*** Opening Data ***

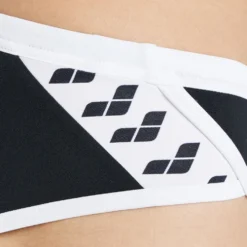 Arena Solid Icons Brief -Speedo Online Store 005045 501 m icons team brief 005 o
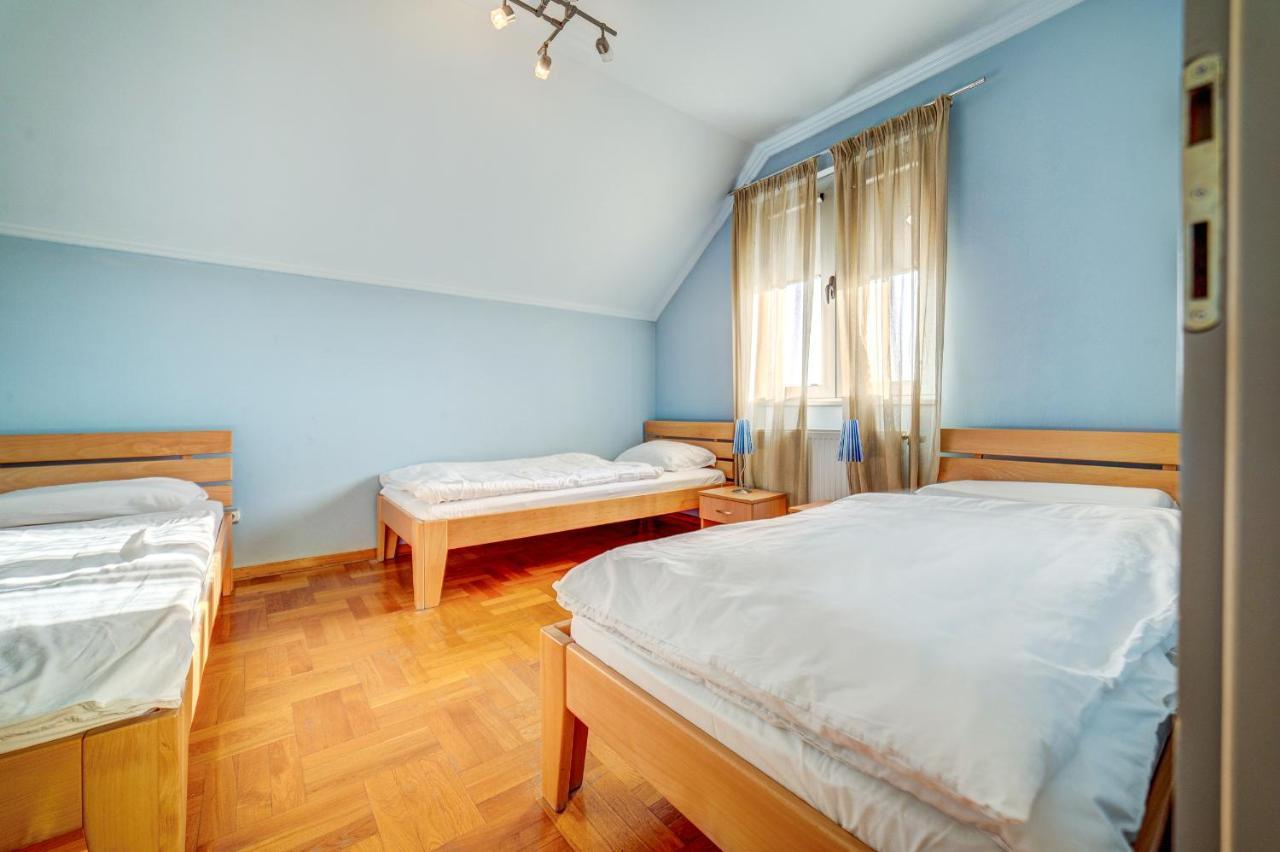 Apartments Singidunum 4 Lux Belgrad Exteriör bild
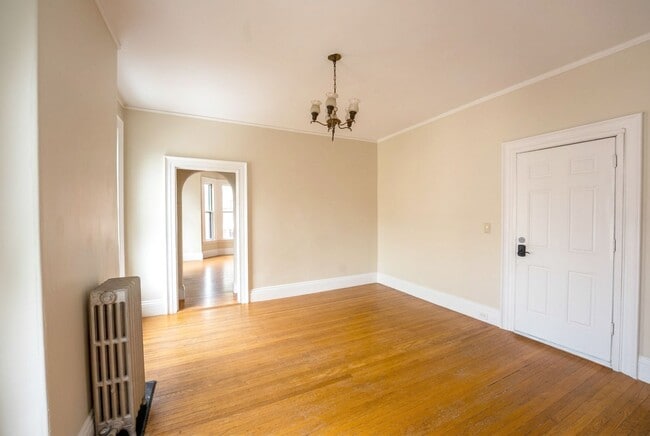 Photo - 52 Carleton St Unit 3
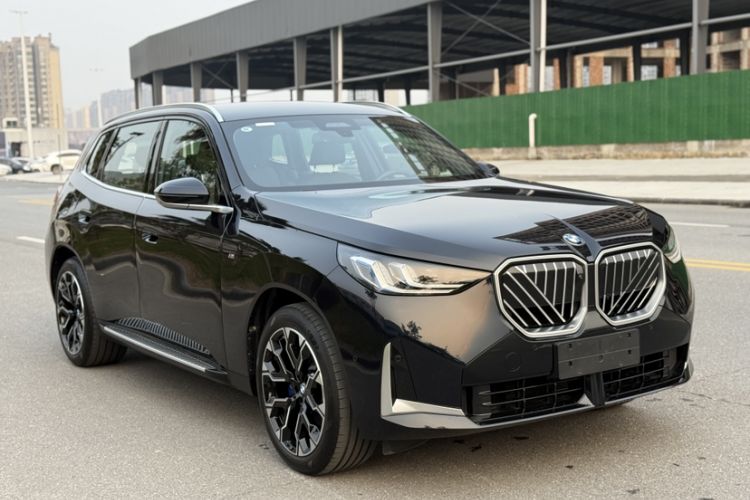 Used BMW X3 2025 xDrive30L Luxury Edition M Sport Package Exterior 2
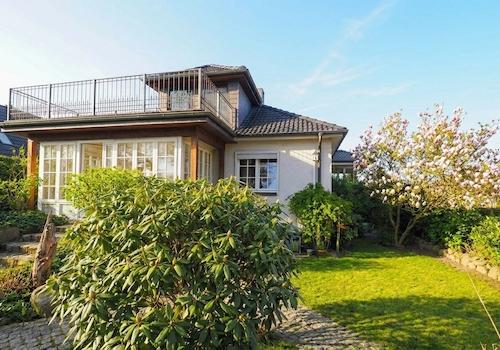  Das Haus umgeben von viel Grün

*** Closing Data ***

▶ Problem details: Quote exactly, and only, the lines from the one containing "Used BMW X3" through the last line of the records above, both included; leave out any pictures.

▶ Reply:
 Used BMW X3 2025 xDrive30L Luxury Edition M Sport Package Exterior 2
  Das Haus umgeben von viel Grün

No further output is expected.